Document Type : Original Article
Department of General Requirements, Sur College of Applied Sciences, Oman
Department of Mathematics, Bharat Institute of Technology, Meerut, India
This paper deals with the study of reliability measures of a complex engineering system consisting three subsystems namely L, M, and N in series configuration. The subsystem-L has three units working under 1-out-of-3: G; policy, the subsystem-M has two units working under 1-out-of-2: G policy and the subsystem-N has one unit working under 1-out-of-1: G; policy. Moreover, the system may face catastrophic failure at any time t. The failure rates of units of all subsystems are constant and assumed to follow the exponential distribution however, their repair supports two types of distribution namely general distribution and Gumbel-Hougaard family copula distribution.
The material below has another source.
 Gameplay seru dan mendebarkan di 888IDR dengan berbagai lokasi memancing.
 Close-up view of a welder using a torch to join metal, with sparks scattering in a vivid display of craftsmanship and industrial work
The system is analyzed by using the supplementary variable technique, Laplace transformation and Gumbel-Hougaard family of copula to derive the differential equations and to obtain important reliability characteristics such as availability of the system, reliability of the system, MTTF, and profit analysis. The numerical results for reliability, availability, MTTF, and profit function are obtained by taking particular values of various parameters and repair cost using maple. Tables and figures demonstrate the computed results and conclude that copula repair is more effective repair policy for better performance of repairable systems. It gives a new aspect to scientific community to adopt multi-dimension repair in form of copula. Furthermore, the results of the model are beneficial for system engineers and designers, reliability and maintenance managers.